Generated HAProxy Configuration:

backend my-backend
    option httpchk GET /healthz
    default-server check inter 5s port 8082 fall 3 rise 2
    server SRV_1 10.0.0.1:8080 enabled

check and its tuning (inter, port, fall, rise) live on default-server (not on individual server lines) so endpoint changes can be applied via the runtime API without a HAProxy reload.


haproxy-ingress.github.io/proxy-protocol

Status: ✅ Supported

Description: Enable PROXY protocol when connecting to backend servers.

Valid values: v1, v2, v2-ssl, v2-ssl-cn

Usage:

annotations:
  haproxy-ingress.github.io/proxy-protocol: "v2"

Generated HAProxy Configuration:

server SRV_1 10.0.0.1:8080 send-proxy-v2

Backend SSL

Status: ✅ Supported

Annotations:

Annotation Description
secure-backends Enable SSL to backend (true/false)
backend-protocol Protocol: h1, h2, h1-ssl, h2-ssl
secure-sni SNI value for backend connection
secure-verify-hostname Hostname for certificate verification
secure-verify-ca-secret CA secret for backend verification
secure-crt-secret Client certificate for mTLS

Usage:

annotations:
  haproxy-ingress.github.io/secure-backends: "true"
  haproxy-ingress.github.io/backend-protocol: "h2"
  haproxy-ingress.github.io/secure-verify-ca-secret: "backend-ca"
  haproxy-ingress.github.io/secure-crt-secret: "client-cert"

Generated HAProxy Configuration:

server SRV_1 10.0.0.1:8443 ssl alpn h2 ca-file /path/to/ca.pem crt /path/to/client.pem verify required

haproxy-ingress.github.io/initial-weight

Status: ✅ Supported

Description: Initial weight for backend servers (0-256). The library reads and validates the value (0-256 range), then appends weight <n> to serverOpts["flags"] in backend-directives-660-haproxy-ingress-server-options, which BuildServerOptions (base library) emits onto the default-server line.

Usage:

annotations:
  haproxy-ingress.github.io/initial-weight: "100"

haproxy-ingress.github.io/config-backend

Status: ✅ Supported

Description: Raw HAProxy configuration to inject into the backend section.

Usage:

annotations:
  haproxy-ingress.github.io/config-backend: |
    http-send-name-header X-Backend-Server
    retries 5

Session Affinity

haproxy-ingress.github.io/affinity

Status: ✅ Supported

Description: Enable cookie-based session affinity.

Valid values: cookie

Related annotations:

Annotation Description Default
session-cookie-name Cookie name INGRESSCOOKIE
session-cookie-strategy insert, rewrite, prefix insert
session-cookie-dynamic Use dynamic cookie key true
session-cookie-keywords Additional cookie options -
session-cookie-domain Cookie domain -
session-cookie-same-site None, Lax, Strict -
session-cookie-preserve Preserve backend cookies -

Usage:

annotations:
  haproxy-ingress.github.io/affinity: "cookie"
  haproxy-ingress.github.io/session-cookie-name: "SERVERID"
  haproxy-ingress.github.io/session-cookie-strategy: "insert"
  haproxy-ingress.github.io/session-cookie-same-site: "Lax"

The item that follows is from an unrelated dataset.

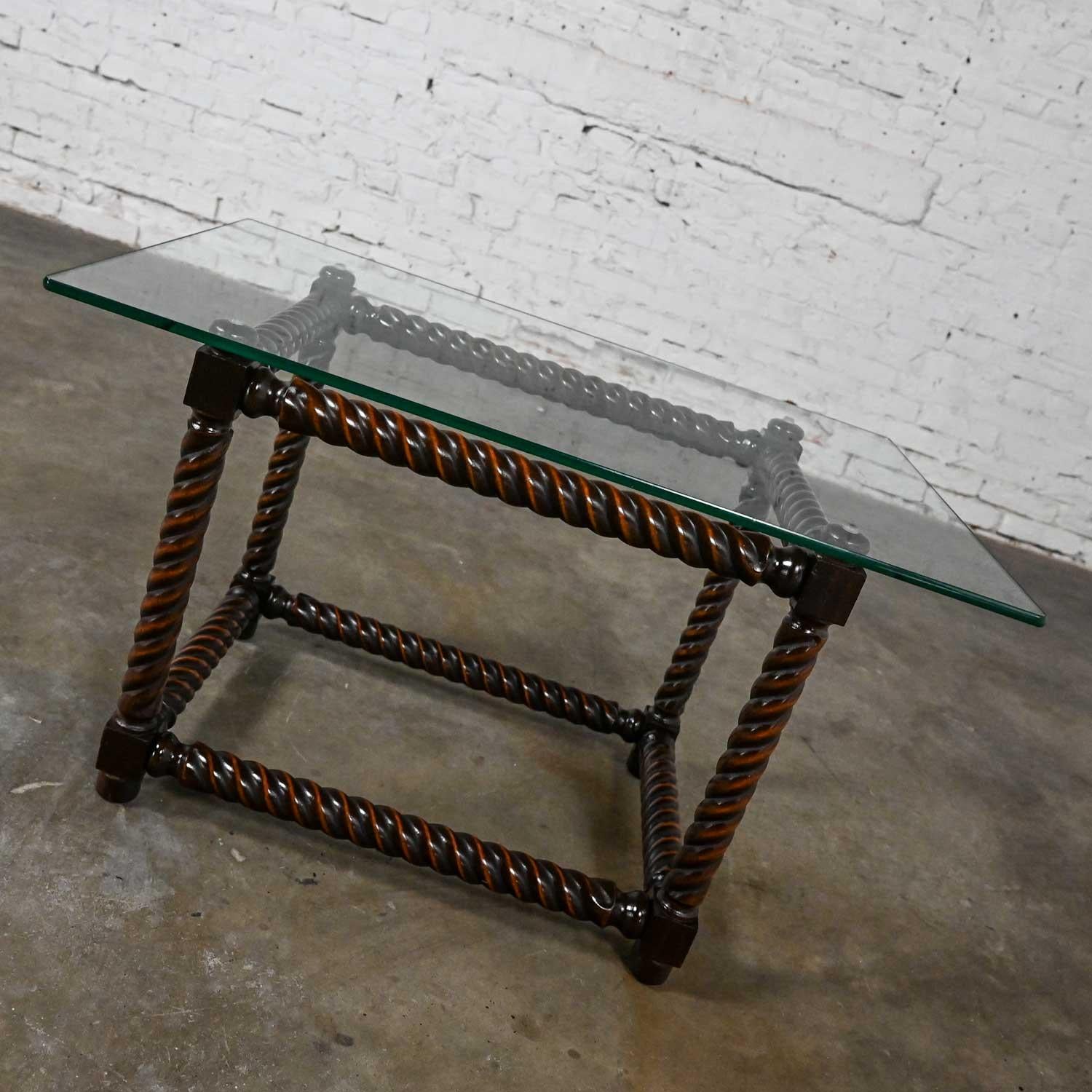 Late 20th Century Jacobean Style Barley Twist Base & Glass Top End Table For Sale 12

Generated HAProxy Configuration:

backend my-backend
    cookie SERVERID insert indirect nocache dynamic attr "SameSite=Lax"
    dynamic-cookie-key <generated-key>

Access Control

haproxy-ingress.github.io/allowlist-source-range

Status: ✅ Supported

Description: Comma-separated list of CIDRs allowed to access this ingress.

Usage:

annotations:
  haproxy-ingress.github.io/allowlist-source-range: "10.0.0.0/8, 192.168.0.0/16"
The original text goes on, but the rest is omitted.